Combined with virtual healthcare, robots can assist physicians in examinations through telepresence and video conferencing technologies, allowing for diagnoses or even treatment. Robotics can also allow for automation in medical labs without sacrificing efficiency or accuracy.
The Spread of 5G
Mobile carriers and telecommunications companies are slowly rolling out 5G services. While the actual infrastructure to support 5G and allow it to viably spread will still take time and resources, the promise and potential of 5G in everyday life is astounding, and that extends to medical industries as well. 5G offers a variety of benefits, the main one being a faster transfer of data, but combine that with low latency and low power needs and you potentially get efficient responses without any lag. This may allow for true immersive virtual reality, but the low latency makes telesurgery a more viable option. This means that a doctor who lives across the country could perform a precise, delicate surgical procedure without you having to visit their office in person.2
Aside from these larger applications, 5G can make existing telecommunications much easier and more efficient. Healthcare providers can more quickly send large imaging files and data to specialists and patients. Remote monitoring will be faster and more accurate, while wearable devices and the Internet of Things would allow for a greater capacity of health data and service.3
Healthcare Data Analytics
Data analytics broadly refers to the process of taking in large amounts of data and analyzing them to essentially learn where healthcare providers can improve. It’s a means of focusing on quality over quantity and enhancing nearly all internal processes. Previously data analytics was a slow and inefficient process done by hand, but incorporating new technologies and software allows for faster and more thorough examination of large amounts of data. Hospitals can algorithmically analyze data and even find hidden information that could be useful.

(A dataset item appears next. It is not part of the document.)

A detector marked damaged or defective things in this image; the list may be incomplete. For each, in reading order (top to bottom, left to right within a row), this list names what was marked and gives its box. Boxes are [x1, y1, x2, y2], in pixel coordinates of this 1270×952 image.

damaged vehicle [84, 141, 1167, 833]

Practically, this can contribute to:
- Insights on ongoing resource allocation
- Tracking performance of physicians and practitioners
- Identify patients who may be at a high risk of disease
- Track the health of populations at large
All of that makes for more affordable and accessible operations and, ultimately, better patient care.4
Of course, none of the above matters without a commitment to securing patient and hospital data. Maintaining cybersecurity has been an important part of any organization’s existence ever since the internet started. Considering the shifts to digital platforms and telemedicine, robust cybersecurity is likely to see just as much of an upward trend. This ensures protection for the data of patients and providers and prevents the disruption of care.

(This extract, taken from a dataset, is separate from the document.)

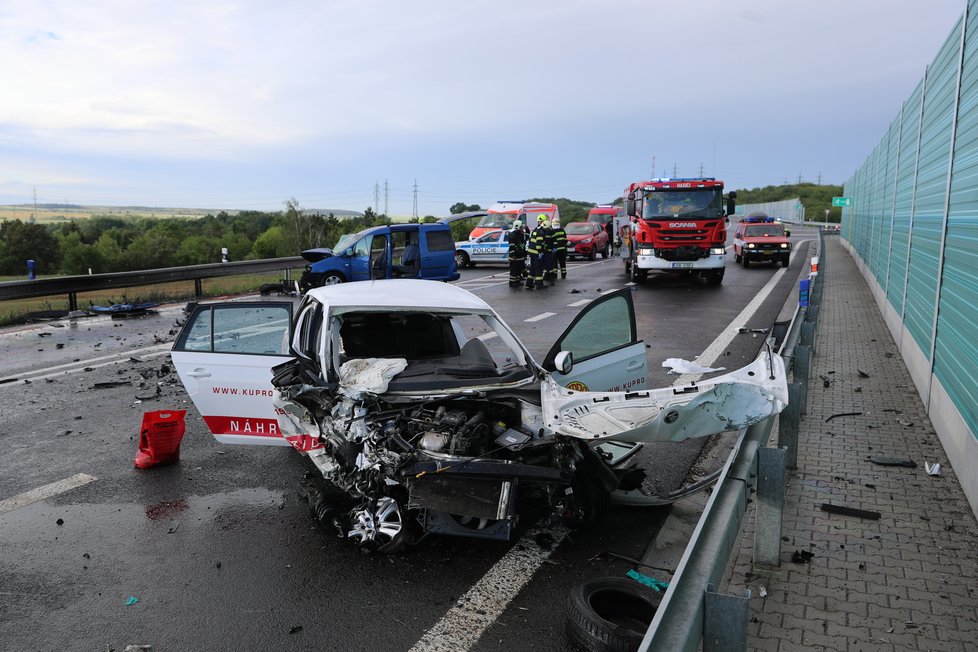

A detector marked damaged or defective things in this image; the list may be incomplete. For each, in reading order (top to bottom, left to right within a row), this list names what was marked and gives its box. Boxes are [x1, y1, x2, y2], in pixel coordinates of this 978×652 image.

detached car door [169, 304, 294, 446]
severely damaged white car [170, 278, 784, 552]
detached car door [540, 290, 648, 392]
crumpled car hood [540, 346, 784, 444]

Of course, as the threats in the digital landscape are constantly shifting, cybersecurity itself has to evolve as well. Eliminating threats completely is close to impossible, but providers can still mitigate risk as much as possible. Manufacturers can remain vigilant and identify potential risks and hazards, while health care delivery organizations can evaluate network security to protect hospital and healthcare facility systems.5
Pinpointing the exact trajectory of digital healthcare (and healthcare in general) isn’t easy, but we do know that trends in technology can contribute to some promising developments in digital healthcare. The growth of interconnectivity and the more efficient transfer of medical data are sure to make digital care more ubiquitous in people’s lives. This will hopefully lead to greater accessibility to medical care and a greater focus on everyday health.